Kalaria scale: hematoxylin and eosin-stained sections were reviewed at the time of neuropathologic evaluation. Abstraction of key information from neocortical regions (0–6 points) and basal ganglia (0–4 points) were used to evaluate CVD severity for a total of 10 points on the modified Kalaria scale [6, 11, 37], as previously described. Of note, the Kalaria scale evaluates vessel wall modifications (arteriolosclerosis, amyloid angiopathy), perivascular and white matter modification, cortical microinfarcts, and cortical large infarcts (Table S2).
Strozyk scale: hematoxylin and eosin-stained sections were evaluated utilizing the Strozyk summary [32], which is based upon three macroscopic vascular lesions: large infarcts (0–2), lacunar or cystic infarcts (0–2), and leukoencephalopathy (0–2). The respective scores were assigned, and a total Strozyk score was generated (0–6) (Table S3).
Digital pathology
Digital pathology methods using Leica’s Aperio technology were processed as previously described [7, 16, 18, 23, 24]. The corpus callosum was annotated on digitized slides and then analyzed using eSlide Manager. Positive pixel count macros were used to quantify % positivity for MBP and SMI31.

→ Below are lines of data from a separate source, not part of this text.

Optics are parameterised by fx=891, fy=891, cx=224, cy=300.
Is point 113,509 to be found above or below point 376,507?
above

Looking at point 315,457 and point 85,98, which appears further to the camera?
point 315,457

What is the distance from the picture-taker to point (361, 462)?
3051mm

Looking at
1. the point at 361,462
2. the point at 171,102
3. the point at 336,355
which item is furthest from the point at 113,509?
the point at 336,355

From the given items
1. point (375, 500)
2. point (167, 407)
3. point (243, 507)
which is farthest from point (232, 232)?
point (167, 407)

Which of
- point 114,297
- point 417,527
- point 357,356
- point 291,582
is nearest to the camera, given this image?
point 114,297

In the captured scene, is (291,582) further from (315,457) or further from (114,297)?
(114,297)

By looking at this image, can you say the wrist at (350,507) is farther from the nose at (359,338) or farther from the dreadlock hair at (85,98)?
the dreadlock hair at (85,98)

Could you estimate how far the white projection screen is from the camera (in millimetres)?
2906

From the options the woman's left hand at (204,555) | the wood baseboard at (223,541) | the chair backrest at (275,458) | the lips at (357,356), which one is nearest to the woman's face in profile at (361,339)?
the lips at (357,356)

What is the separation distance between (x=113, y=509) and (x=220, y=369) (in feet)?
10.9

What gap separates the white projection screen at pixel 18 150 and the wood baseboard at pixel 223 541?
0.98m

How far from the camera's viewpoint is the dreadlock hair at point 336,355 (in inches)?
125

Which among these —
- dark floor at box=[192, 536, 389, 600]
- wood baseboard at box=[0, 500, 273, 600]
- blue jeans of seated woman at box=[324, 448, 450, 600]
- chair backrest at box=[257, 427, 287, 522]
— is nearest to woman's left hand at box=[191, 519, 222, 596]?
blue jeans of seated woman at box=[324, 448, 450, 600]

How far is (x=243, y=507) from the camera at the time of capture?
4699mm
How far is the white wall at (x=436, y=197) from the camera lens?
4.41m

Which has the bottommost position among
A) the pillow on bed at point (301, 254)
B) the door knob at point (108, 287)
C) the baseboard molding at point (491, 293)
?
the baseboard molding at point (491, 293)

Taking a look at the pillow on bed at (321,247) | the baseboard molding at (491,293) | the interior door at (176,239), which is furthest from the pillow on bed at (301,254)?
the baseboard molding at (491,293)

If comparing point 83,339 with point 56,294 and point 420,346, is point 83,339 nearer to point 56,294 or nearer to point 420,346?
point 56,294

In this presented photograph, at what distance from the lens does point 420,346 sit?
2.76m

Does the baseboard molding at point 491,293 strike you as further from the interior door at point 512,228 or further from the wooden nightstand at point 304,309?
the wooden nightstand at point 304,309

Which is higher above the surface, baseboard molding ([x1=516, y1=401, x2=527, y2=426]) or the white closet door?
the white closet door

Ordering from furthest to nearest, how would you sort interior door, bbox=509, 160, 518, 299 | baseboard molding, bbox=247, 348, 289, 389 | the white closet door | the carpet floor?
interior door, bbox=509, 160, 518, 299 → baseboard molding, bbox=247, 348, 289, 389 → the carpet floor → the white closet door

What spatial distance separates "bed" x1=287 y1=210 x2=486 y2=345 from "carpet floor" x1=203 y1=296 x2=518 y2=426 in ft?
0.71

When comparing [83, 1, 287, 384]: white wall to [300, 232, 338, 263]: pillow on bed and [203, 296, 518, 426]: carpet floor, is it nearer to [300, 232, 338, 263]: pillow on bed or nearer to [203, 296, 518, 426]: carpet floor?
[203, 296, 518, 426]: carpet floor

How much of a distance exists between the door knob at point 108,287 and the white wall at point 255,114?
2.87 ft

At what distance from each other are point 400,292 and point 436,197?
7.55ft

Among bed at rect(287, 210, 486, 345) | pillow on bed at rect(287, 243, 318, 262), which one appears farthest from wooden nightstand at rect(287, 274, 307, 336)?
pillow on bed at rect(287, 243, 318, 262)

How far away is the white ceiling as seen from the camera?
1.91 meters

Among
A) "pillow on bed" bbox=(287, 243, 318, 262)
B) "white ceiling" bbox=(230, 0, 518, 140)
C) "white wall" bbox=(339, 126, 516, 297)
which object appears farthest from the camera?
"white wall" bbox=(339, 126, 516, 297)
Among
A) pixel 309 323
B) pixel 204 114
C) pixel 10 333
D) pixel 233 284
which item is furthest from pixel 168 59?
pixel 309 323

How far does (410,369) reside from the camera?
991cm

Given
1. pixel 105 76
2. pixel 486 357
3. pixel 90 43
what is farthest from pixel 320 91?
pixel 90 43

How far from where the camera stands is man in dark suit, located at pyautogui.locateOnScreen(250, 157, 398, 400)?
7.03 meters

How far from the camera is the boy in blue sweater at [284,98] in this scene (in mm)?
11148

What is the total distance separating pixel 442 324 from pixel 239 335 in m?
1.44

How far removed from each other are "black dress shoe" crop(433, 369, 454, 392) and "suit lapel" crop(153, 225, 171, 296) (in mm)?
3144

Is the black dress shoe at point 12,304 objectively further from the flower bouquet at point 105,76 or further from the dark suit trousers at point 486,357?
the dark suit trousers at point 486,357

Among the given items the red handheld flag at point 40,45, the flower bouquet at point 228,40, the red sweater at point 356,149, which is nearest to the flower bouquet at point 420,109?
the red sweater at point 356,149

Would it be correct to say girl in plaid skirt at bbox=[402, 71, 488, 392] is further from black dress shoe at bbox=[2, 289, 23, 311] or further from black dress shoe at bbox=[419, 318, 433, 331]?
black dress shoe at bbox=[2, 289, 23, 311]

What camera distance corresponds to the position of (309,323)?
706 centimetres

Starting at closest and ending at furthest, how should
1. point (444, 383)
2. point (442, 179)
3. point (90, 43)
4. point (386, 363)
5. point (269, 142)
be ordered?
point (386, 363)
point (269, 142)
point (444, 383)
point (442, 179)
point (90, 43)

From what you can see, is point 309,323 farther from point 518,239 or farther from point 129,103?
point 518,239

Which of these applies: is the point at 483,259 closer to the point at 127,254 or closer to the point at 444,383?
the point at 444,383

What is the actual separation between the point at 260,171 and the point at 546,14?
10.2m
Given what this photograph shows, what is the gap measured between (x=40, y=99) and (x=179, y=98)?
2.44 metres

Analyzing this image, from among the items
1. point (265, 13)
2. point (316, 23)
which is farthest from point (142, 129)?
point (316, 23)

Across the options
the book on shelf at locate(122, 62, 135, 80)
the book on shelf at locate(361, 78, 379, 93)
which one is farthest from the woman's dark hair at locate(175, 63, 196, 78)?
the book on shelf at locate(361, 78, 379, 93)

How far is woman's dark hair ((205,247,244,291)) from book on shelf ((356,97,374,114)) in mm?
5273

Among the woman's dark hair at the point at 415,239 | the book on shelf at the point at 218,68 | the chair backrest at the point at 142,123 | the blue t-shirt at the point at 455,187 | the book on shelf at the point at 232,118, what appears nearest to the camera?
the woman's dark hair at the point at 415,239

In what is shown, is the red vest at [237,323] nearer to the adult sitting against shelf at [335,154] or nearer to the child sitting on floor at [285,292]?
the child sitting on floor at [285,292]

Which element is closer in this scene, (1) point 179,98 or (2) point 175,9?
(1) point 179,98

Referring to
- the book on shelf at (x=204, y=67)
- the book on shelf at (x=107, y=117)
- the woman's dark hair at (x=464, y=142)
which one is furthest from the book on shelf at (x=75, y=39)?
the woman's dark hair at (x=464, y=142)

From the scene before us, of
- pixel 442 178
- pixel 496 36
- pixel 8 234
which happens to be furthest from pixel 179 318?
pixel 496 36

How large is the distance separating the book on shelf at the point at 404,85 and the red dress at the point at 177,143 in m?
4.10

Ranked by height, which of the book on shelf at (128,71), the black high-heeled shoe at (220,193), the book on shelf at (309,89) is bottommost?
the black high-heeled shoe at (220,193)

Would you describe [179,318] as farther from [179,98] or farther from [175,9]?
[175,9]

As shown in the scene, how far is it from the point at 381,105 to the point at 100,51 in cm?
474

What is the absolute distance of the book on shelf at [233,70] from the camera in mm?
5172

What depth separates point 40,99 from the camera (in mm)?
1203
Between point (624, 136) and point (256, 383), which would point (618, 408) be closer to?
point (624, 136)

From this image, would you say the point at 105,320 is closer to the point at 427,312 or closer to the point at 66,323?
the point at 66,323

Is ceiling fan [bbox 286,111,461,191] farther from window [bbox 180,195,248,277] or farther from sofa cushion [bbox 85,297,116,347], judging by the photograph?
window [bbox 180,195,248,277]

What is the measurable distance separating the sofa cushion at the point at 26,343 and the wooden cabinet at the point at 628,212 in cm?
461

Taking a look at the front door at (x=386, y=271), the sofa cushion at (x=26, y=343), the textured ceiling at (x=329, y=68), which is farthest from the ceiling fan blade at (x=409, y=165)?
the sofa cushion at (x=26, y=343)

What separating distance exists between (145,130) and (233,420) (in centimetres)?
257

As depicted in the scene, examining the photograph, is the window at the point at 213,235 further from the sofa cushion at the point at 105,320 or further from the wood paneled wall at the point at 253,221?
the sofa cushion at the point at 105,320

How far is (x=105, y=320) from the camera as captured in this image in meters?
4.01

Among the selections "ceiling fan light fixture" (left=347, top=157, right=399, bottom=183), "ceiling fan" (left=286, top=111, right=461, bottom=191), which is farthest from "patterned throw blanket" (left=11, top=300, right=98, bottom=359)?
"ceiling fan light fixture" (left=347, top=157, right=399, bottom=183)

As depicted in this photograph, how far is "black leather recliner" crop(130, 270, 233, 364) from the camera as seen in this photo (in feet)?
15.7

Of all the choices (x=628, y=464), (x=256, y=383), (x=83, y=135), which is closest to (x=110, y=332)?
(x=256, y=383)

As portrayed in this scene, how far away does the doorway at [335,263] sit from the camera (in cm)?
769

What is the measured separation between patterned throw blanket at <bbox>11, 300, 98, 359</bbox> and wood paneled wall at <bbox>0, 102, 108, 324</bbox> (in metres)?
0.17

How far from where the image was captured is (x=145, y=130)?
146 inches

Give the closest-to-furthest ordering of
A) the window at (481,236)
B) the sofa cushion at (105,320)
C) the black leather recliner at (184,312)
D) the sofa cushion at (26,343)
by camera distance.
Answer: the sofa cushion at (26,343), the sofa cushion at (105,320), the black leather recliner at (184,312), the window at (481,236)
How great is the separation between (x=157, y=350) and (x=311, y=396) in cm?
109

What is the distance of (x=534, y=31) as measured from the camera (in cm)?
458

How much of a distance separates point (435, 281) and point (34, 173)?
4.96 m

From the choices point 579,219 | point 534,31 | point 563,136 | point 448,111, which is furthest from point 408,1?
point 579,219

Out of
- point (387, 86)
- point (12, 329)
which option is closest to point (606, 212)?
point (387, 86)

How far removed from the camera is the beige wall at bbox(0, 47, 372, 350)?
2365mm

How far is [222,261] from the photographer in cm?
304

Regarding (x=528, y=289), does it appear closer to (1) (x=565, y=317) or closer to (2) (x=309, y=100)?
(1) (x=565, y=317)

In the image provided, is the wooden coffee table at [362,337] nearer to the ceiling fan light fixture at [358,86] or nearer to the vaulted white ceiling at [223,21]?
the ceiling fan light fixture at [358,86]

Vacuolation in the corpus callosum was measured on sections stained with hematoxylin and eosin. Once regions of interest were annotated, a positive pixel count macro was used and negative space % was deemed a surrogate for vacuolation.
Statistical analyses
Weighted linear regression models with adjustments for MRI scan time to death were used to evaluate the associations between the antemortem neuroimaging measures and neuropathology scales. The results are discussed with the following notation—(estimate [SE], p value). The weighting was 1/time from MRI scan to death, so that those with MRI scans closer to death received more weight versus those farther away. The analyses included 51 study participants with scans within 5 years of death and a sensitivity analysis was done in 31 study participants with scans within 3 years of death (N = 31) (Table 1). Partial Pearson correlations were used to calculate neuroimaging parameters as a function of cognition and were adjusted for age, sex, education, and cycle number. One-way ANOVA analyses were performed with the vascular neuropathology variables where the groups were classified by their Alzheimer’s disease neuropathologic change (ADNC).
Results
Sample demographics and neuropathologic characteristics
Among the 51 autopsy cases, the mean age of death was 83.8 (± 7.5 years) and 19 were female (37%) (Table 1). Eleven cases showed low ADNC (22%), 12 cases were intermediate ADNC (24%), and 8 cases were high ADNC (16%) (Table S4). Of the total cases with ADNC, 13 showed concomitant Lewy bodies or Lewy body disease (LBD). Furthermore, the demographics between the autopsied and non-autopsied cases did not significantly differ by age, sex, APOE status, or global cognition but did differ in education level (Table S5).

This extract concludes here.